→ **Data for this task**
= = = = = = =

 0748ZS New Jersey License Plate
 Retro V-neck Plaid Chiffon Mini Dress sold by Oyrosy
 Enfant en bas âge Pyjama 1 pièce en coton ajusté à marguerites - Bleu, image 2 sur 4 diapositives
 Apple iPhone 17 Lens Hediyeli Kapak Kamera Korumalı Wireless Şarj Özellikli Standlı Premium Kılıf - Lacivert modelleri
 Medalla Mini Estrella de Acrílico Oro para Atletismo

= = = = = = =

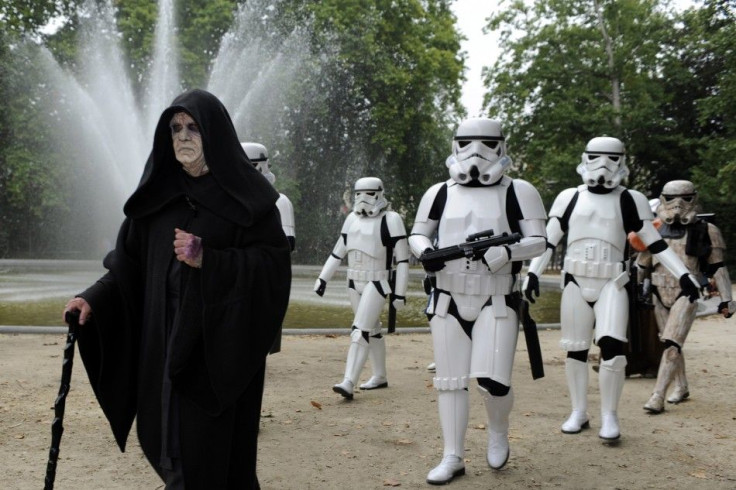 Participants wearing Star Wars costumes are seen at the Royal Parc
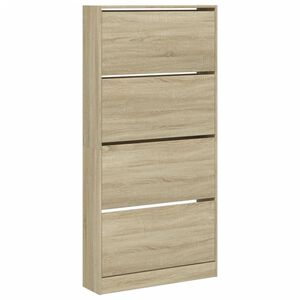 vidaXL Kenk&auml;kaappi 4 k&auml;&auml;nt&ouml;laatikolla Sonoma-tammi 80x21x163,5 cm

= = = = = = =

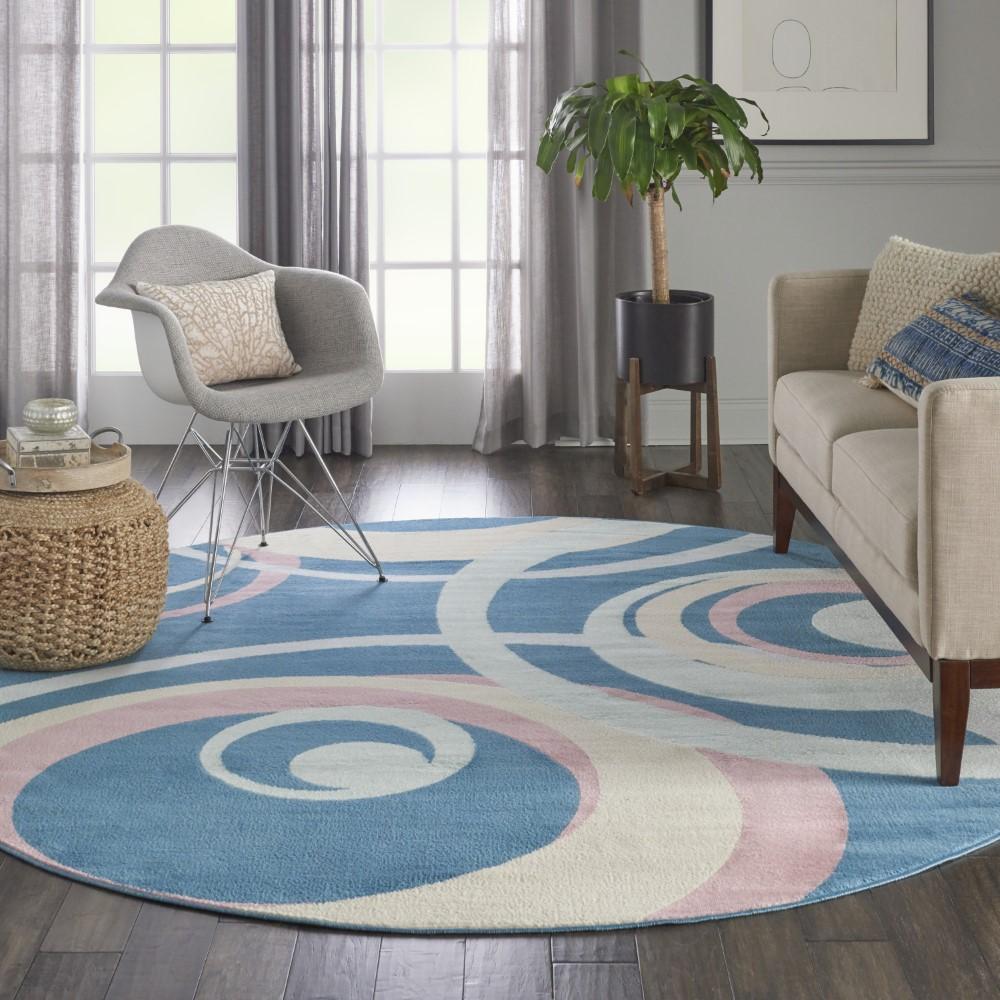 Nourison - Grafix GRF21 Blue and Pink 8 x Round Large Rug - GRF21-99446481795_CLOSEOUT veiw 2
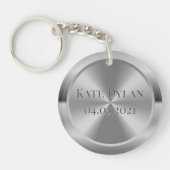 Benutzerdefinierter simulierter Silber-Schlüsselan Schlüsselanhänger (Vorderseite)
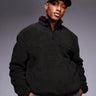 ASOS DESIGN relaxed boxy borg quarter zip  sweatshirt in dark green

= = = = = = =

→ **Exercise brief**
The response must contain every line from the listing above in which the string "Mini" appears.

→ **Answer area**
 Retro V-neck Plaid Chiffon Mini Dress sold by Oyrosy
 Medalla Mini Estrella de Acrílico Oro para Atletismo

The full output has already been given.